#### Dataset excerpts:
━━━━━━━━━━━━━━━━
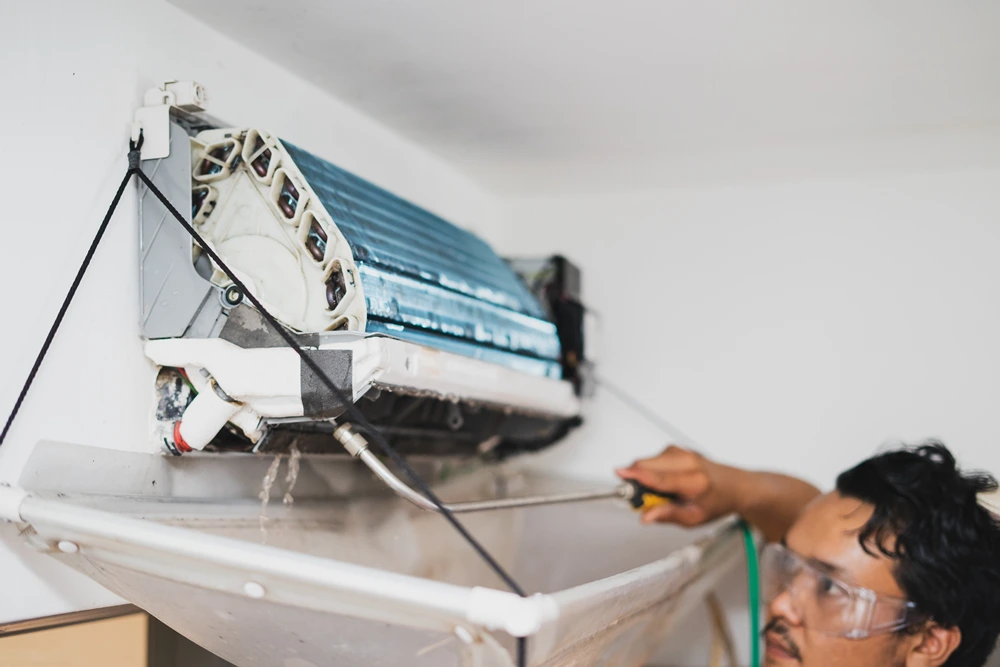 Professional Aircon Deep Cleaning Prolongs Aircon Life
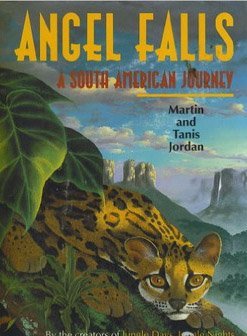 Beispielbild fr Angel Falls zum Verkauf von Better World Books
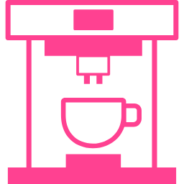 Self-Service Beverage Bar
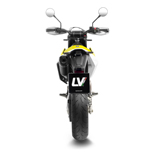LV ONE EVO BLACK EDITION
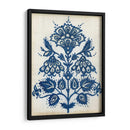 Indigo I Del Este - Megan Meagher | Cuadro decorativo de Canvas Lab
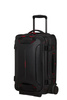 Samsonite Ecodiver 55cm Rollkoffer schwarz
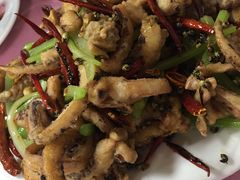 -昱德来·天津菜(河西店)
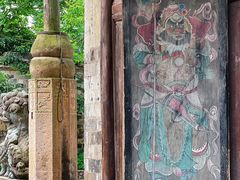 -皤滩古镇
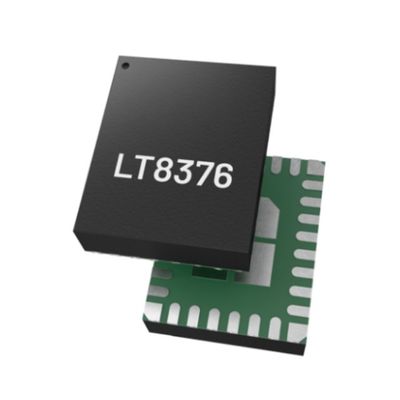 統合回路チップ LT8376RV PWM ディミング 3.7A LEDドライバー 28-LQFN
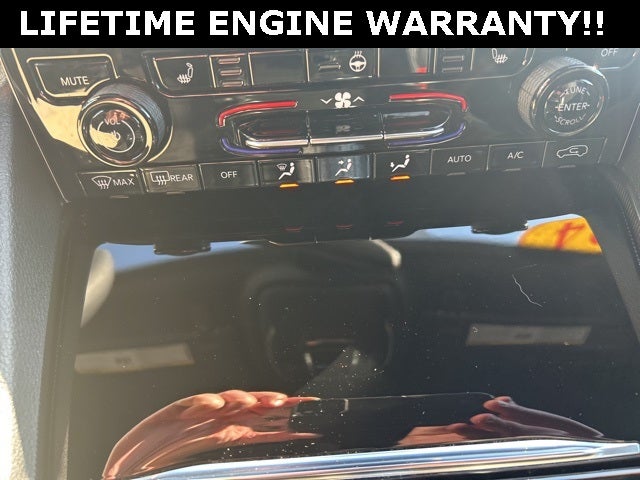 2024 Jeep Grand Cherokee Altitude 4x4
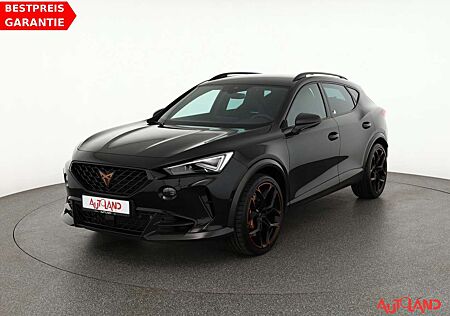 Cupra Formentor VZ5 2.5 TSI 4Drive LED Navi ACC Totwinke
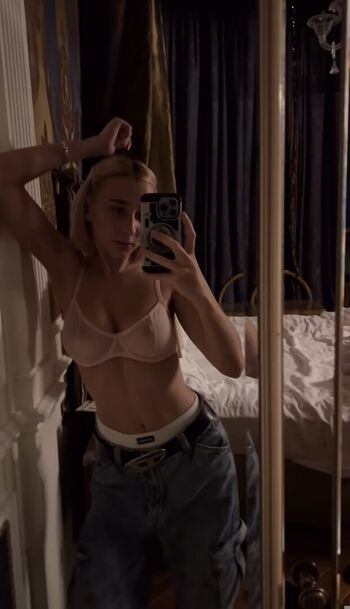 Liloo moon page leaked private photo uncensored HD quality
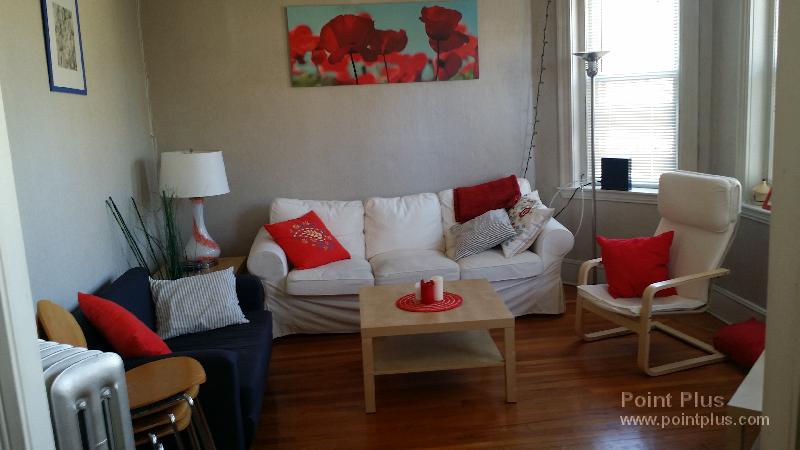 214 Chestnut St, Cambridgeport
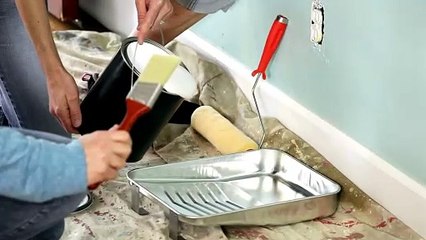 Painter in McKinney Texas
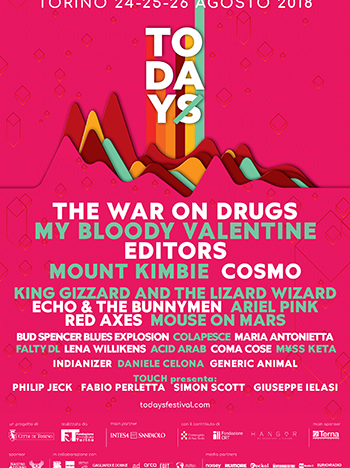 todays 2018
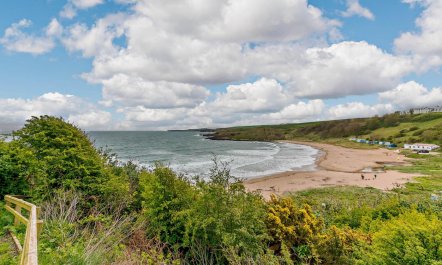 2 Bed in Eyemouth 1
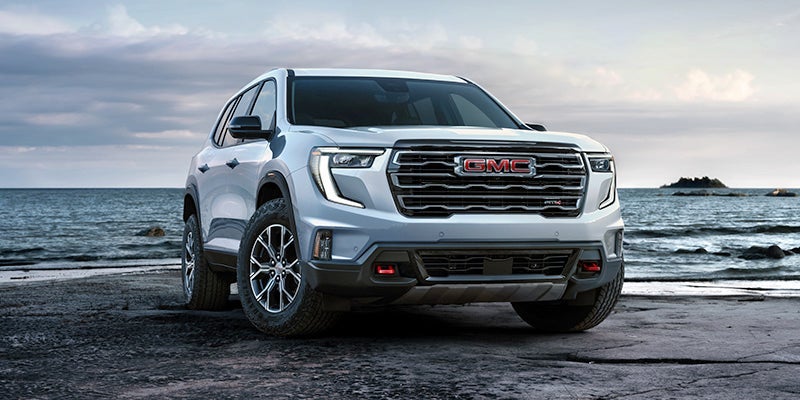 2024 GMC Acadia for Sale in Bradenton, FL - Conley Buick GMC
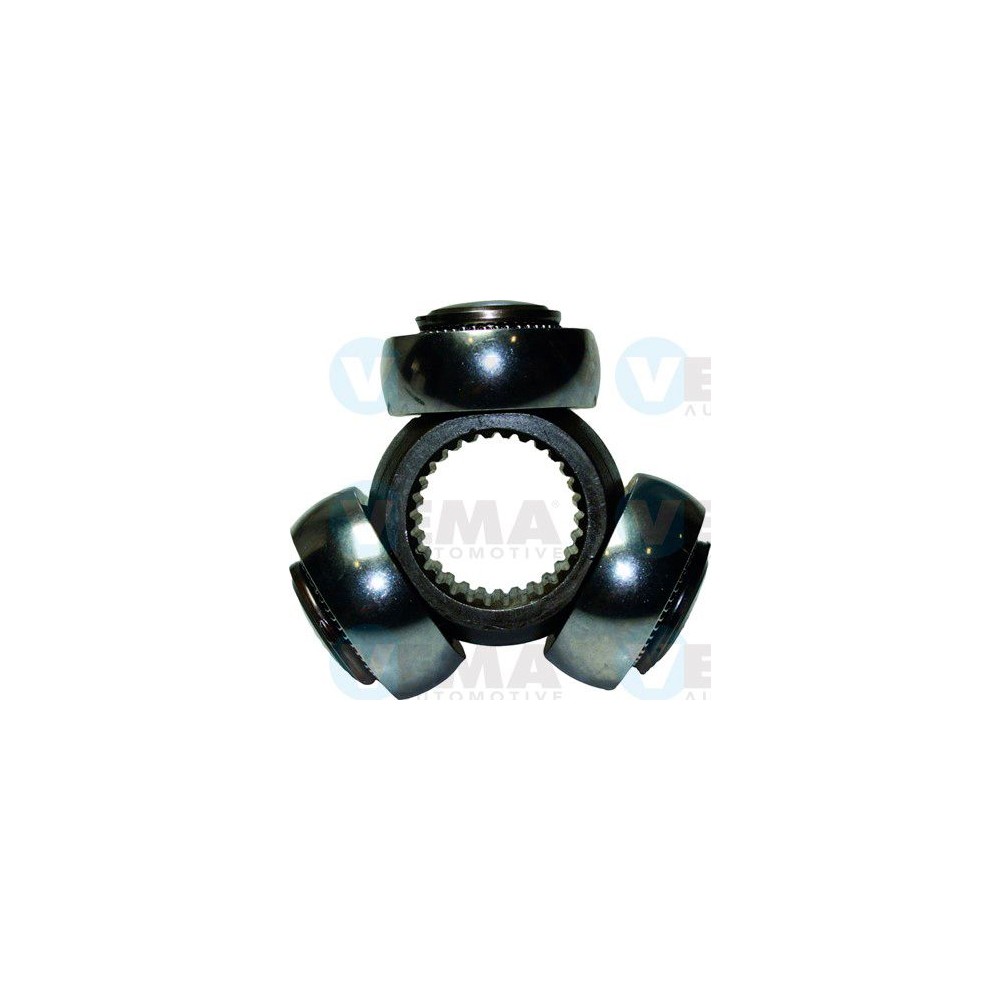 VEMA Tripodestern, Antriebswelle 825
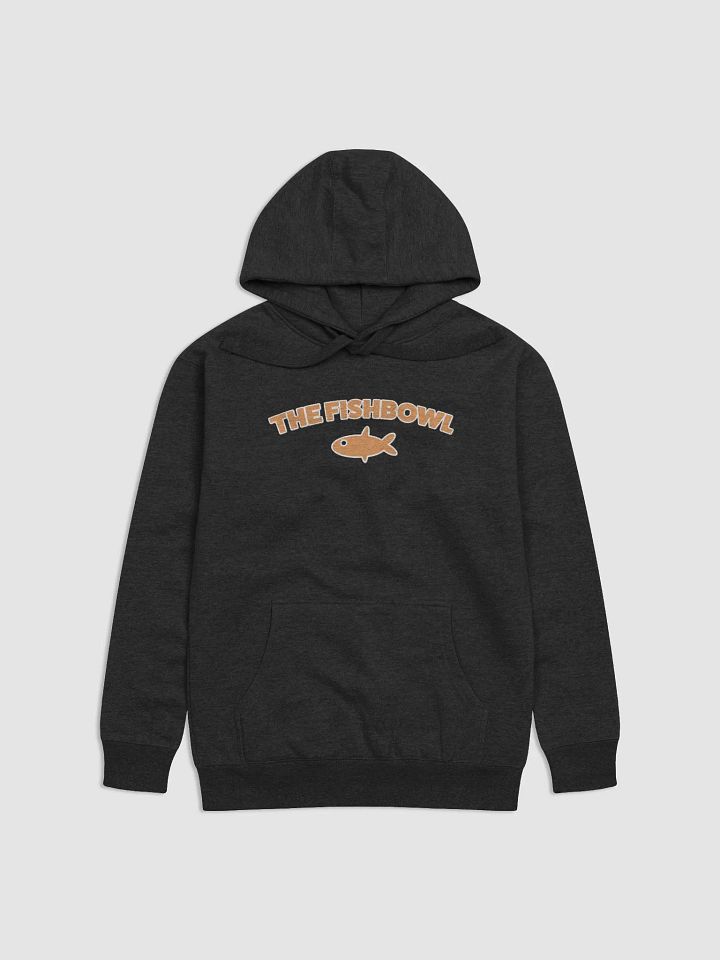 Fishbowl Logo - Hoodie product image (4)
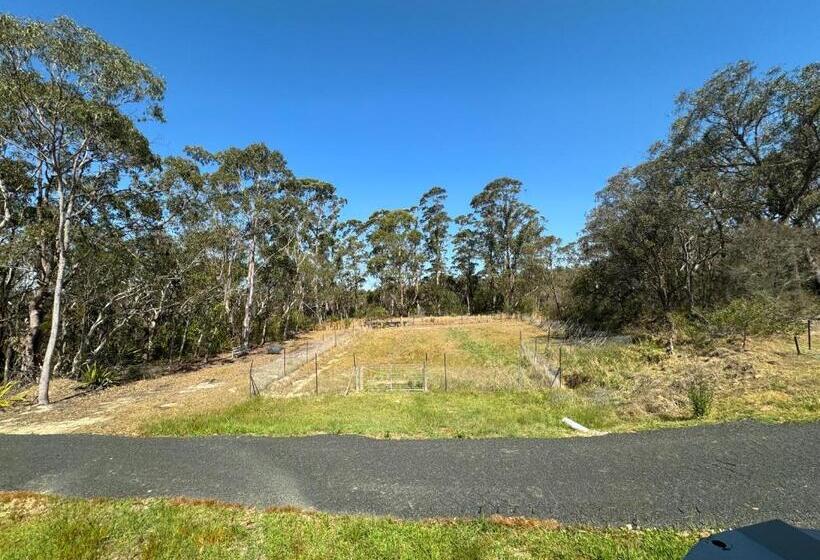 Шале 1 Спальня, Sydney Farm Stay    Live With Nature And Animals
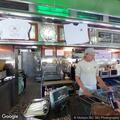 Commercial fire alarm at Oakley Diner, no fire found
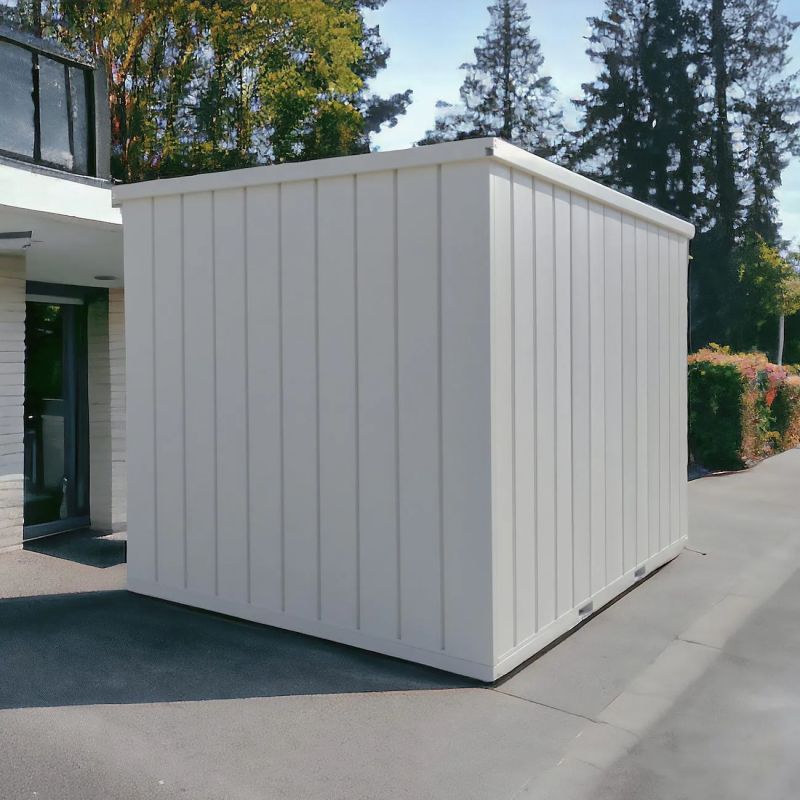 Mobile Storage Custom Cubes - Gradient Pattern Collection - Desktop Quality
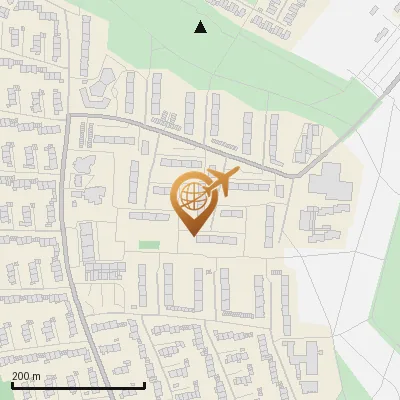 Karte Steinkauzweg 42-44, 50829 Köln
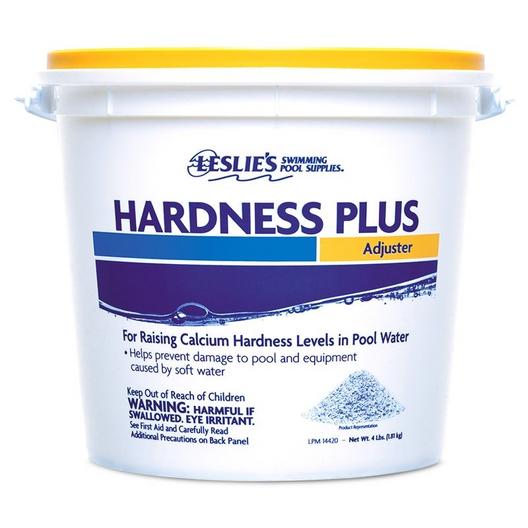 Leslie's  Hardness Plus for Calcium Hardness 15 lbs.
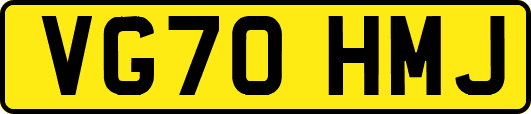 VG70HMJ
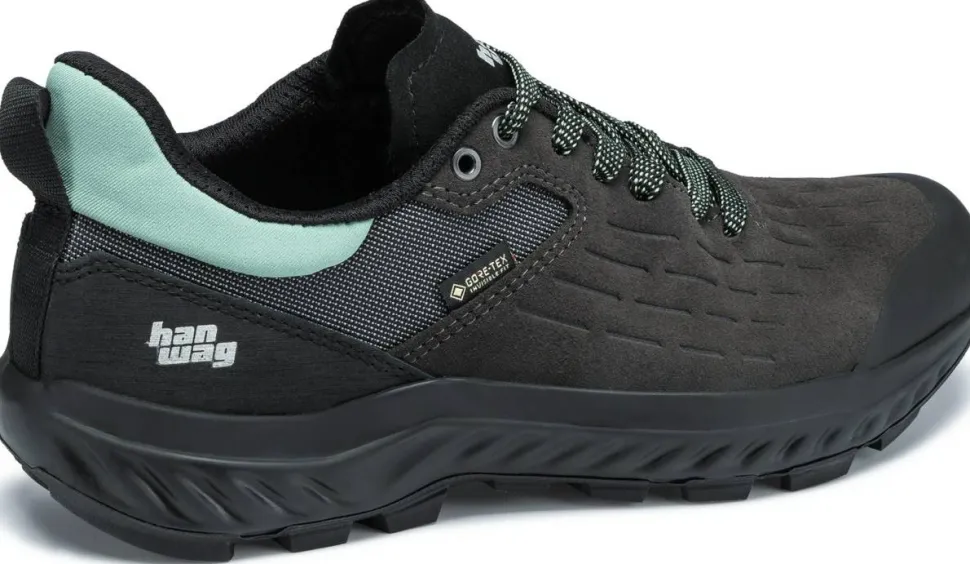 Hanwag Women's Kaduro Low GTX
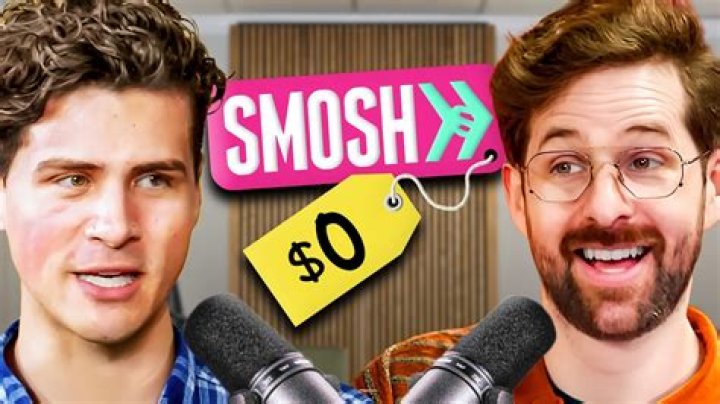
How Much Money Does Smosh Make? Latest Income Salary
━━━━━━━━━━━━━━━━
#### Problem to solve:
Reproduce exactly and only the lines from the one with "2 Bed in Eyemouth 1" through the last entry, both included, excluding every picture.

#### Reply:
 2 Bed in Eyemouth 1
 2024 GMC Acadia for Sale in Bradenton, FL - Conley Buick GMC
 VEMA Tripodestern, Antriebswelle 825
 Fishbowl Logo - Hoodie product image (4)
 Шале 1 Спальня, Sydney Farm Stay    Live With Nature And Animals
 Commercial fire alarm at Oakley Diner, no fire found
 Mobile Storage Custom Cubes - Gradient Pattern Collection - Desktop Quality
 Karte Steinkauzweg 42-44, 50829 Köln
 Leslie's  Hardness Plus for Calcium Hardness 15 lbs.
 VG70HMJ
 Hanwag Women's Kaduro Low GTX
How Much Money Does Smosh Make? Latest Income Salary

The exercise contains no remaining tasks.